The records —
-=-=-=-=-
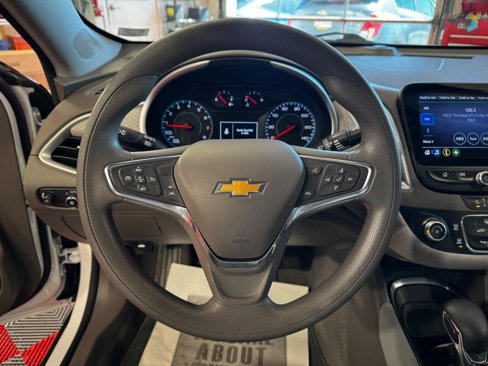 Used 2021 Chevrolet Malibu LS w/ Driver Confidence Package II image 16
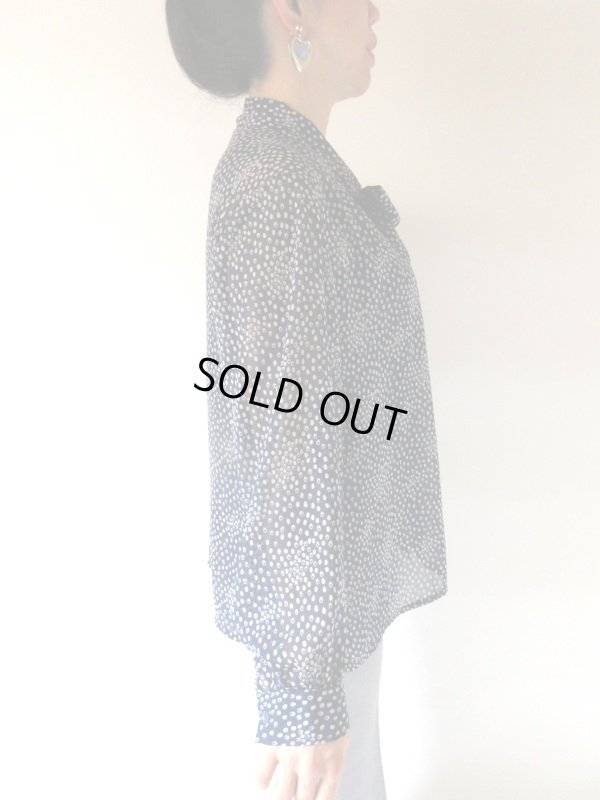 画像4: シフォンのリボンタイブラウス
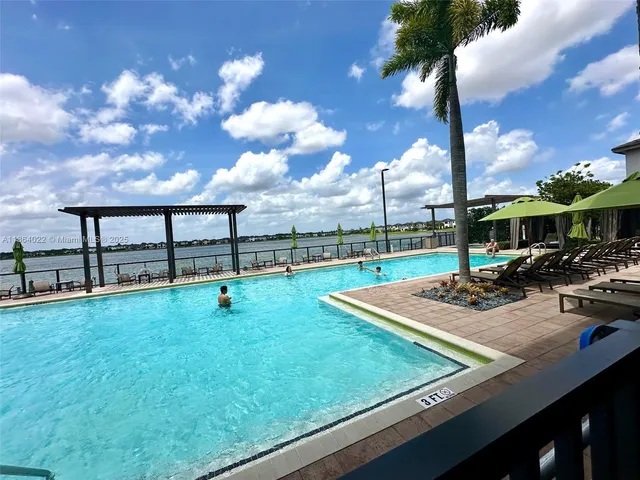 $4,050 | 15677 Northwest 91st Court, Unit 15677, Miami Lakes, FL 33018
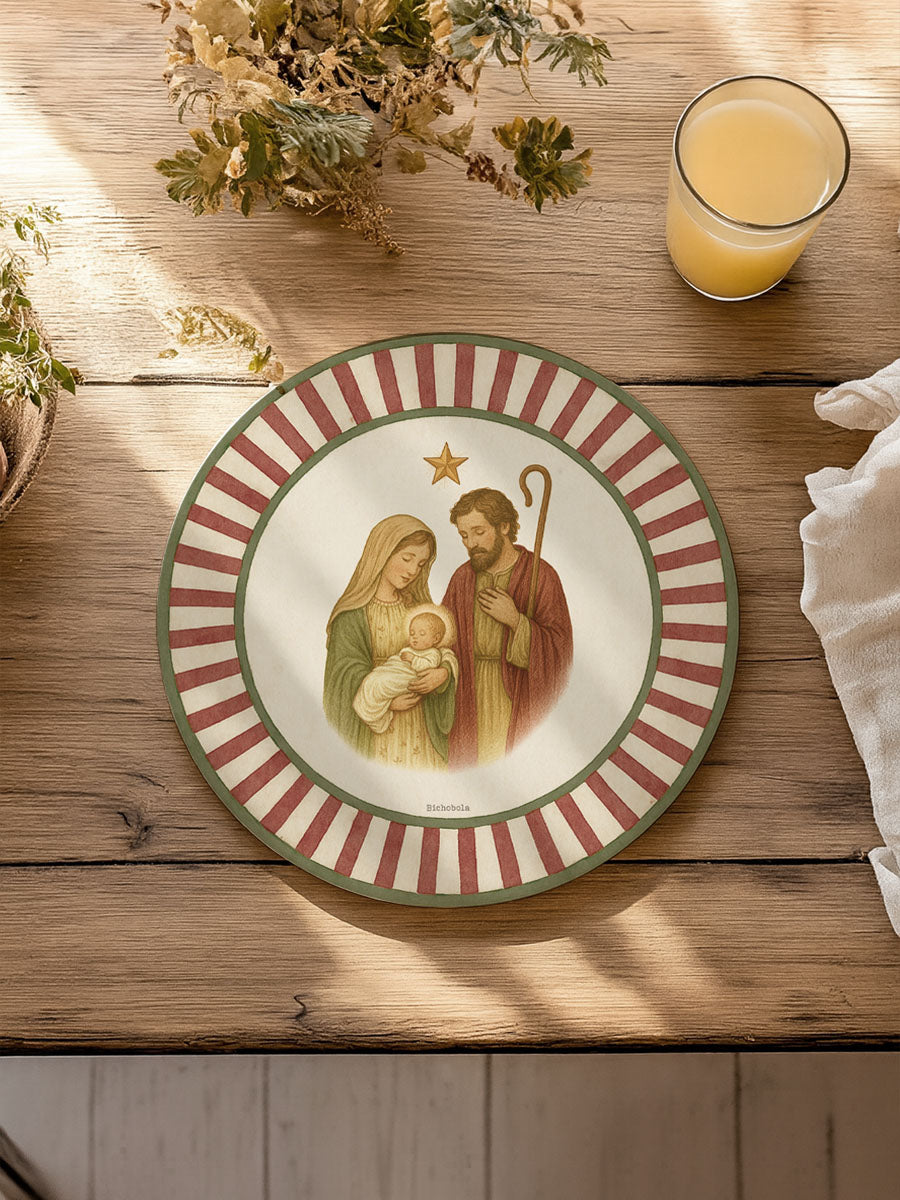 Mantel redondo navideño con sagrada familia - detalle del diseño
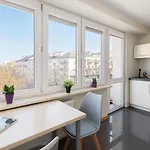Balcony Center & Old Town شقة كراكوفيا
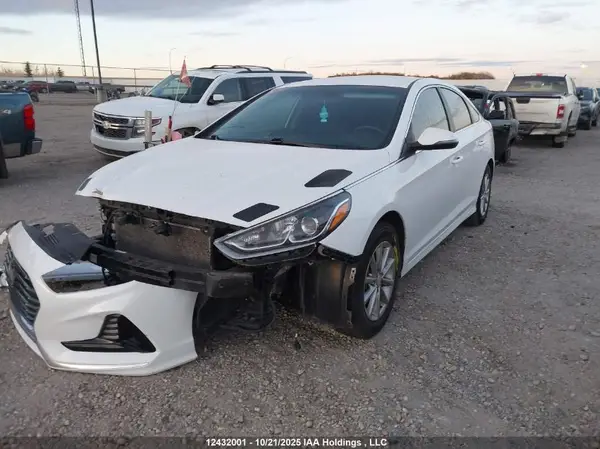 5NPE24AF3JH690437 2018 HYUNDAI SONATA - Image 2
-=-=-=-=-
Problem to solve —
Return all records exactly as they stand above, except for pictures.

Task answer —
 Used 2021 Chevrolet Malibu LS w/ Driver Confidence Package II image 16
 画像4: シフォンのリボンタイブラウス
 $4,050 | 15677 Northwest 91st Court, Unit 15677, Miami Lakes, FL 33018
 Mantel redondo navideño con sagrada familia - detalle del diseño
Balcony Center & Old Town شقة كراكوفيا
 5NPE24AF3JH690437 2018 HYUNDAI SONATA - Image 2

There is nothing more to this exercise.